That aside, I still find the comment clearer than the test code (may just be a matter of getting used to it) and still prefer that detail being attached to the implementation code. I don't expect to sway anyone to my view without a better counter-example, though. -- DanilSuits

The problem is that I can't retest the comment. Let's say my colleague comes by and notices that I implemented the FeynmanAlgorithm wrong. So I decide to touch up the code to do a 'proper' implementation. Now how can I be sure that the performance increase is still there? Maybe I was clumsy and implemented something really inefficiently. With the comment I become falsely confident that my implementation rocks. But with the automated test, I just run it again and in a split-second I'm brought back to reality by a failing test.

Correct comments can easily become incorrect and misleading. Correct automated test code never does.


On the other hand, I have found comments very useful for doing safe 'refactoring' of LegacyCode as in RefactorInsertComment? of RefactoringLegacyCode. But the idea here is to remove the comments afterwards with RefactorReplaceCommentWithTestCase.


When you have the idea "why", do you always have a code which it describes? If no, where do you put it in the first place?

When the requirements for the code are changed, how do you find which "why"s are not longer relevant, or even became plain wrong? -- NikitaBelenki


Methods names don't provide context and they don't tell you why. These are the most important things when looking at code.

It has not been my experience that the first statement is true.

My experience is that people who make the methods may think this way but developers coming cold into a system will probably not feel that way, unless the domain is very well known. I'd love to see an example of something you think is a good example. Would that be possible?

Sure. Start at CommentExample; there are other bits with actual code here and there on the Wiki.

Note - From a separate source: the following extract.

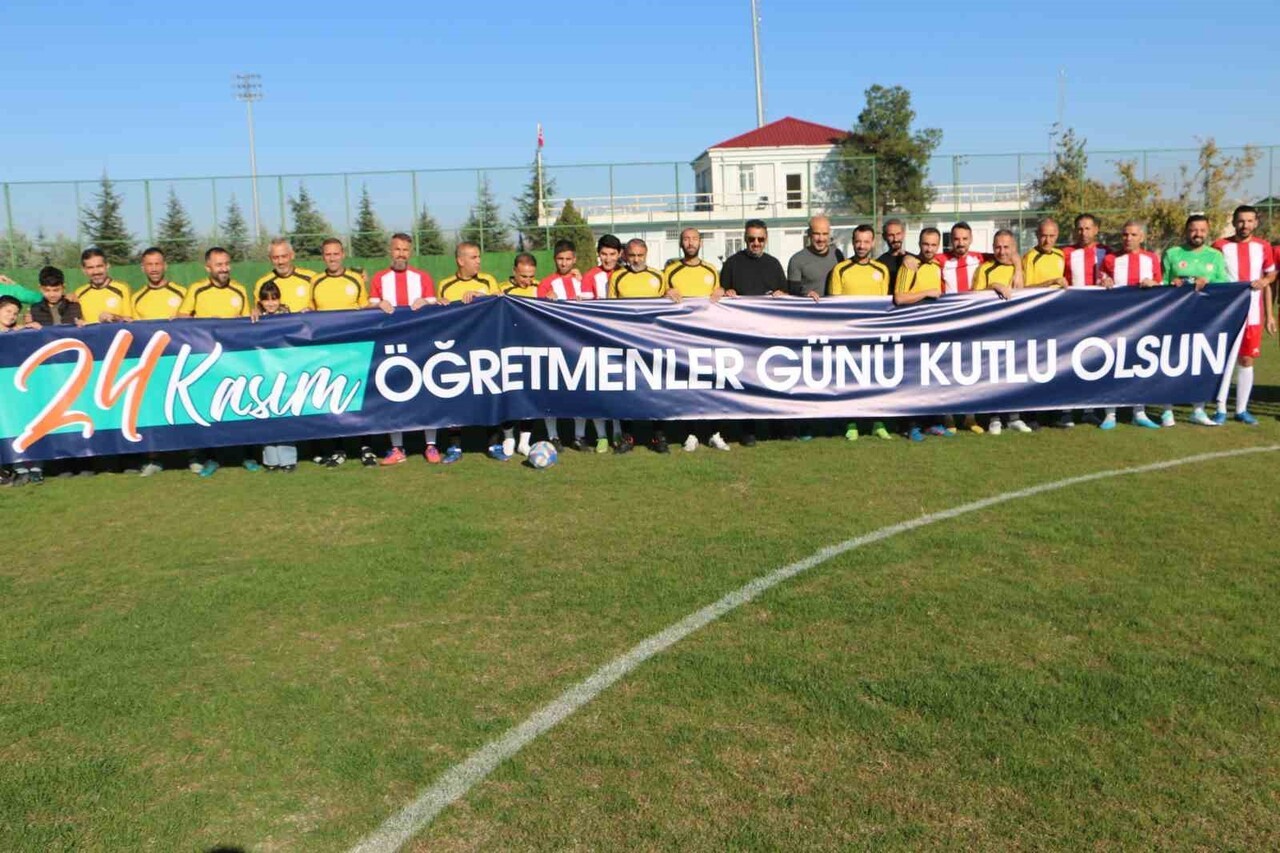 ÖĞRETMENLER İLE GENÇLİK VE SPOR İL MÜDÜRLÜĞÜ PERSONELİ, DOSTLUK MAÇIYLA ÖZEL GÜNÜ SAHADA...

Developers coming cold into a system will probably not feel that way, unless the domain is very well known.

Working on a system without domain knowledge is always a very risky business. The program should reflect the language of the users. Just being a good coder is not enough. You have to understand the problem area if you want to understand the intent of the system.


I think I disagree with either using comments or UnitTests for performance issues (as is suggested by the above example). The comment will really become interpreted as "Don't touch this," rather than enlightenment. A UnitTest tends to focus all of the attention on the algorithm and some ad hoc number. A performance test should always be done at a system level, and is usually a comparison of two different approaches. There are usually many issues contributing to a slow operation and you need to avoid the trap of optimizing one area to death while ignoring other contributing areas. You are rarely going to get an absolute number for how fast something needs to run. You are going to have to rely on mainly subjective feedback from the users that is documented in some manner outside of the code (perhaps as a permuted UserStory?). -- WayneMack


UnitTests are not that understandable anyway. Especially as the test scenarios get more complex. You can't understand nuance without understanding the large structure. The larger structure is very difficult to build up in ones mind from names alone. Otherwise books would just make very long character names and we could deduce the story from just the names.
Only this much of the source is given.